_Task goal_
The range runs from the line containing "Couverture du livre" to the last line of the entries. Restate those lines word for word, without the pictures.

━━━━━━━━

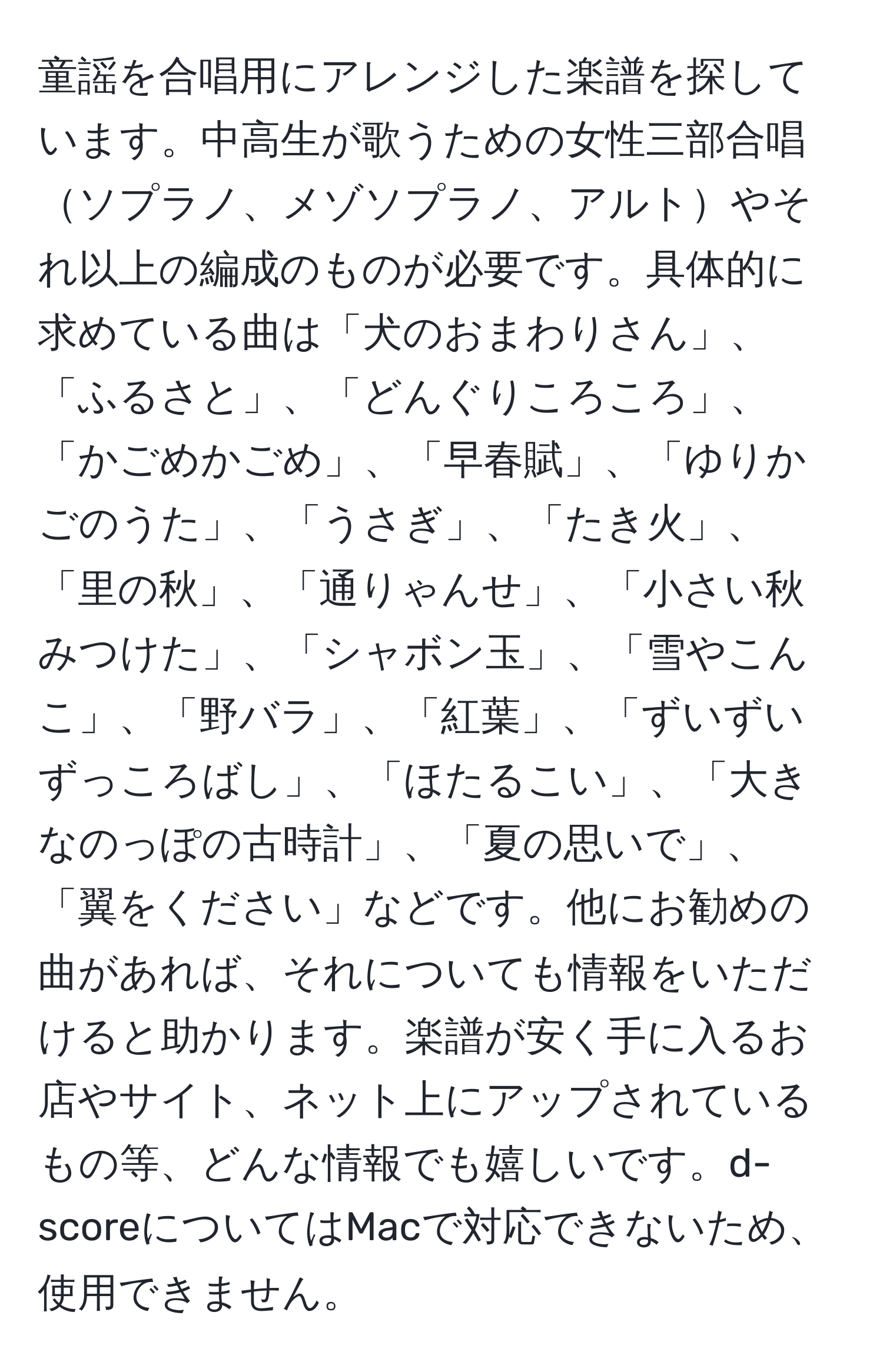 童謡を合唱用にアレンジした楽譜を探しています。中高生が歌うための女性三部合唱ソプラノ、メゾソプラノ、アルトやそれ以上の編成のものが必要です。具体的に求めている曲は「犬のおまわりさん」、「ふるさと」、「どんぐりころころ」、「かごめかごめ」、「早春賦」、「ゆりかごのうた」、「うさぎ」、「たき火」、「里の秋」、「通りゃんせ」、「小さい秋みつけた」、「シャボン玉」、「雪やこんこ」、「野バラ」、「紅葉」、「ずいずいずっころばし」、「ほたるこい」、「大きなのっぽの古時計」、「夏の思いで」、「翼をください」などです。他にお勧めの曲があれば、それについても情報をいただけると助かります。楽譜が安く手に入るお店やサイト、ネット上にアップされているもの等、どんな情報でも嬉しいです。d-scoreについてはMacで対応できないため、使用できません。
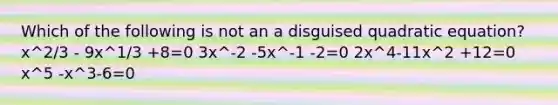 Which of the following is not an a disguised quadratic equation? x^2/3 - 9x^1/3 +8=0 3x^-2 -5x^-1 -2=0 2x^4-11x^2 +12=0 x^5 -x^3-6=0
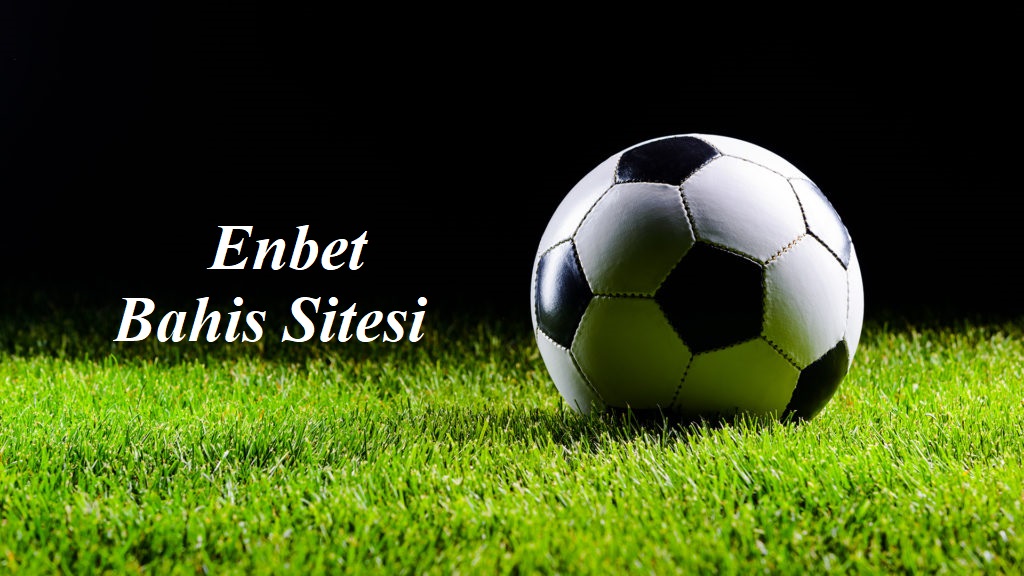 Enbet Bahis Sitesi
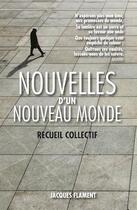 Couverture du livre « Nouvelles d'un nouveau monde » de  aux éditions Jacques Flament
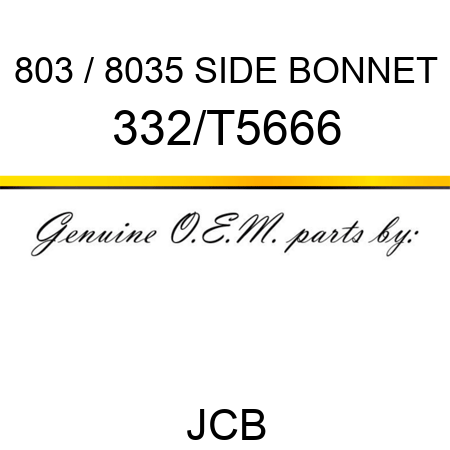 803 / 8035 SIDE BONNET 332/T5666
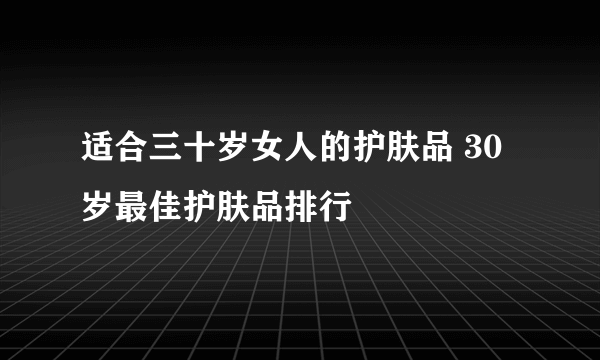 适合三十岁女人的护肤品 30岁最佳护肤品排行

━━━━━━━━

_Answer space_
 Couverture du livre « Nouvelles d'un nouveau monde » de  aux éditions Jacques Flament
 803 / 8035 SIDE BONNET 332/T5666
 适合三十岁女人的护肤品 30岁最佳护肤品排行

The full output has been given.